→ **Try it**
Below is a listing; restate from it, character for character, the lines beginning at the line holding "聚氨酯篩網112.jpg 聚氨酯篩網112.jpg" and ending at the line holding "Historische villa te", both included.

→ **The data**

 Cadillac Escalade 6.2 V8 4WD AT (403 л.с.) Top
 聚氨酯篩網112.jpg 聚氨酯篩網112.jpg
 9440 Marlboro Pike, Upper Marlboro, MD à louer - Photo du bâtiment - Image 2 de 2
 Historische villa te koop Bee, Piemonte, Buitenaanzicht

...

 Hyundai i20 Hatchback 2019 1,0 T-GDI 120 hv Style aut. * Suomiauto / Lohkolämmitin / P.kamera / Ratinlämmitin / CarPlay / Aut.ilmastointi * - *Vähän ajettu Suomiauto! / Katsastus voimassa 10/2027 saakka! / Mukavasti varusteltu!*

→ **Exercise solution**
 聚氨酯篩網112.jpg 聚氨酯篩網112.jpg
 9440 Marlboro Pike, Upper Marlboro, MD à louer - Photo du bâtiment - Image 2 de 2
 Historische villa te koop Bee, Piemonte, Buitenaanzicht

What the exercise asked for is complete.